Ma che cos’è questo RiVisual? L’imputato balbetta. Deve intervenire il fido De Simone, con una dichiarazione spontanea, per spiegare il come e il perché. Lo “sbirro” assoldato in Confindustria, dopo che, secondo Montante, era stato segnalato dai magistrati Alfredo Morvillo e Giuseppe Pignatone, dal capo della polizia Antonio Manganelli e dal prefetto Giuseppe Caruso. De Simone era «il migliore, perché da noi garantiva la sicurezza anche di Gheddafi e Shultz». E poi, al di là della hall of fame della legalità e di qualche nome altisonante, poco altro ancora.

Il resto è tutto nel processo “virtuale”. Un panta rei in cui la corte, come succede nei processoni di mafia, dà l’impressione di voler far sfogare l’imputato. Parole, parole, parole. Le accuse ai nemici giurati (l’onnipresente Alfonso Cicero, l’ex assessore regionale Marco Venturi, il giornalista Attilio Bolzoni con fratello Pietro) e la matrice confindustiale, alias Pietro Di Vincenzo, di un «complotto» anti-Montante, per «fermare l’azione legalitaria». Un “sistema anti-Montante”, in cui il salto di qualità è rappresentato dalla presenza di «un magistrato e di qualcuno della squadra mobile».  Infine, l’ennesimo avvertimento: «Spero che le querele arrivino in tempi brevi così potrò smentire, documenti alla mano e non a chiacchiere, tutte le falsità dichiarate contro di me», afferma in aula riferendosi a politici e magistrati citati. Ma quanto può servire tutto ciò per ribaltare il verdetto di primo grado?

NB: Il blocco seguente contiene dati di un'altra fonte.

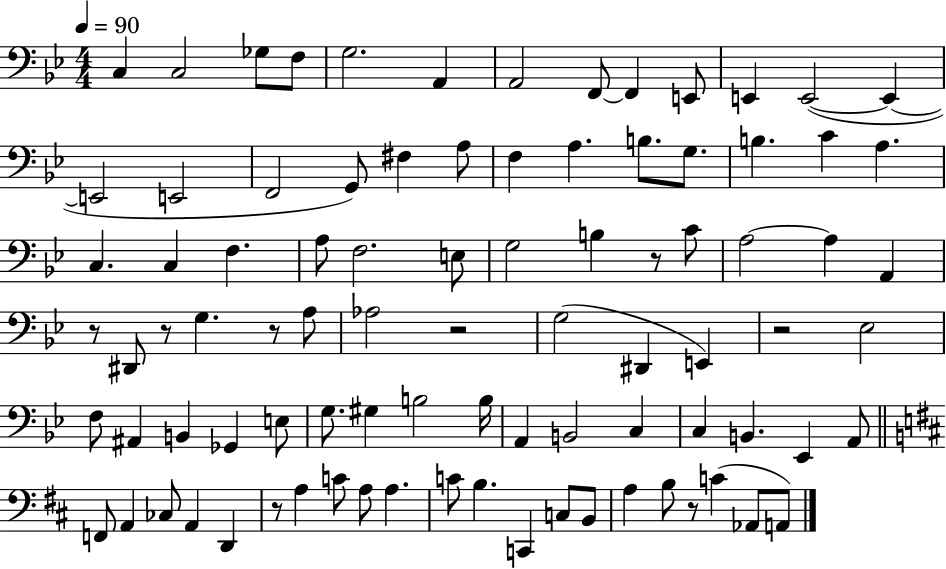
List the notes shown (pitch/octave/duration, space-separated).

C3/q C3/h Gb3/e F3/e G3/h. A2/q A2/h F2/e F2/q E2/e E2/q E2/h E2/q E2/h E2/h F2/h G2/e F#3/q A3/e F3/q A3/q. B3/e. G3/e. B3/q. C4/q A3/q. C3/q. C3/q F3/q. A3/e F3/h. E3/e G3/h B3/q R/e C4/e A3/h A3/q A2/q R/e D#2/e R/e G3/q. R/e A3/e Ab3/h R/h G3/h D#2/q E2/q R/h Eb3/h F3/e A#2/q B2/q Gb2/q E3/e G3/e. G#3/q B3/h B3/s A2/q B2/h C3/q C3/q B2/q. Eb2/q A2/e F2/e A2/q CES3/e A2/q D2/q R/e A3/q C4/e A3/e A3/q. C4/e B3/q. C2/q C3/e B2/e A3/q B3/e R/e C4/q Ab2/e A2/e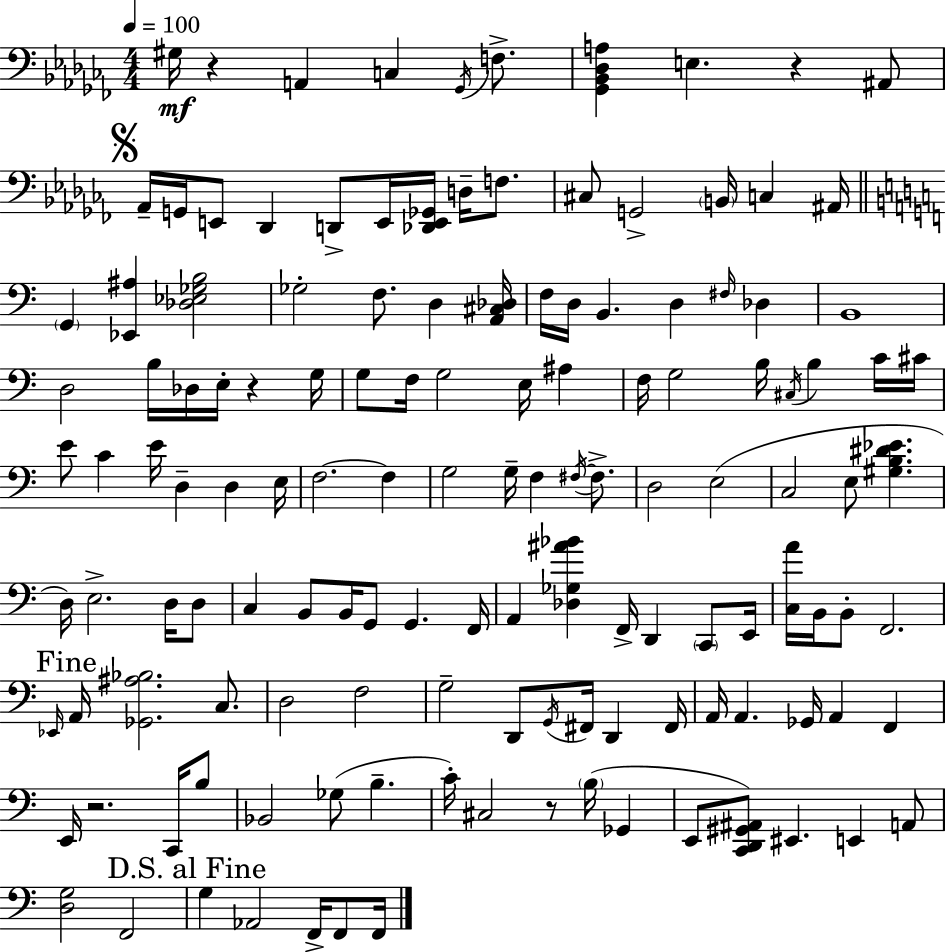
{
  \clef bass
  \numericTimeSignature
  \time 4/4
  \key aes \minor
  \tempo 4 = 100
  \repeat volta 2 { gis16\mf r4 a,4 c4 \acciaccatura { ges,16 } f8.-> | <ges, bes, des a>4 e4. r4 ais,8 | \mark \markup { \musicglyph "scripts.segno" } aes,16-- g,16 e,8 des,4 d,8-> e,16 <des, e, ges,>16 d16-- f8. | cis8 g,2-> \parenthesize b,16 c4 | \break ais,16 \bar "||" \break \key c \major \parenthesize g,4 <ees, ais>4 <des ees ges b>2 | ges2-. f8. d4 <a, cis des>16 | f16 d16 b,4. d4 \grace { fis16 } des4 | b,1 | \break d2 b16 des16 e16-. r4 | g16 g8 f16 g2 e16 ais4 | f16 g2 b16 \acciaccatura { cis16 } b4 | c'16 cis'16 e'8 c'4 e'16 d4-- d4 | \break e16 f2.~~ f4 | g2 g16-- f4 \acciaccatura { fis16~ }~ | fis8.-> d2 e2( | c2 e8 <gis b dis' ees'>4. | \break d16) e2.-> | d16 d8 c4 b,8 b,16 g,8 g,4. | f,16 a,4 <des ges ais' bes'>4 f,16-> d,4 | \parenthesize c,8 e,16 <c a'>16 b,16 b,8-. f,2. | \break \mark "Fine" \grace { ees,16 } a,16 <ges, ais bes>2. | c8. d2 f2 | g2-- d,8 \acciaccatura { g,16 } fis,16 | d,4 fis,16 a,16 a,4. ges,16 a,4 | \break f,4 e,16 r2. | c,16 b8 bes,2 ges8( b4.-- | c'16-.) cis2 r8 | \parenthesize b16( ges,4 e,8 <c, d, gis, ais,>8) eis,4. e,4 | \break a,8 <d g>2 f,2 | \mark "D.S. al Fine" g4 aes,2 | f,16-> f,8 f,16 } \bar "|."
}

E allora è molto più antropologicamente rilevante, come ai tempi di Aldo Biscardi, il processo al processo. Il dopo partita. Con Montante che all’uscita si concede per qualche minuto ai cronisti. «Mi sono difeso affermando la verità. Basta dire la verità e uno è tranquillo. Credo ancora e sempre nella giustizia per cui io dico la verità poi per il resto che me ne frega».